The House Judiciary Committee held a hearing on Warrantless Surveillance and the Foreign Intelligence Surveillance Act: The Role of Checks and Balances in Protecting Americans’ Privacy Rights which featured testimony by Pentagon Papers staff director and chief organizer Mort Halperin expressing his strong reservation about the “Protect America Act“, calling its ambiguity and vagueness “simply unacceptable and a threat to both our liberty and our security.”

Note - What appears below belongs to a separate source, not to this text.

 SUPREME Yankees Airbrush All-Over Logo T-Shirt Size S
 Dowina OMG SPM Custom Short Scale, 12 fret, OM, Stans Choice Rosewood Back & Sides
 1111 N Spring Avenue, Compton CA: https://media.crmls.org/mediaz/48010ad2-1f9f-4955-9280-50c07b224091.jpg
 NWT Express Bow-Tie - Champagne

The August 23 Washington Post carried a story detailing how the government, in the course of defending a lawsuit filed by the Center for Responsibility and Ethics in Washington, has claimed that in addition to the Executive Office of the President, the Office of the Vice-President, now the Office of Administration at the White House is also exempt from FOIA reporting responsibility, even though that agency, which is responsible for technology, has answered numerous FOIA requests in the past and even has an appointed FOIA compliance officer.
The basis of the lawsuit was a CREW report that White House Officials were using non-government e-mail addresses to avoid official disclosure requirements, such as accounts provided to former Presidential Advisor Karl Rove by the Republican National Committee. CREW charges that five million e-mails have been lost by the Office of Administration.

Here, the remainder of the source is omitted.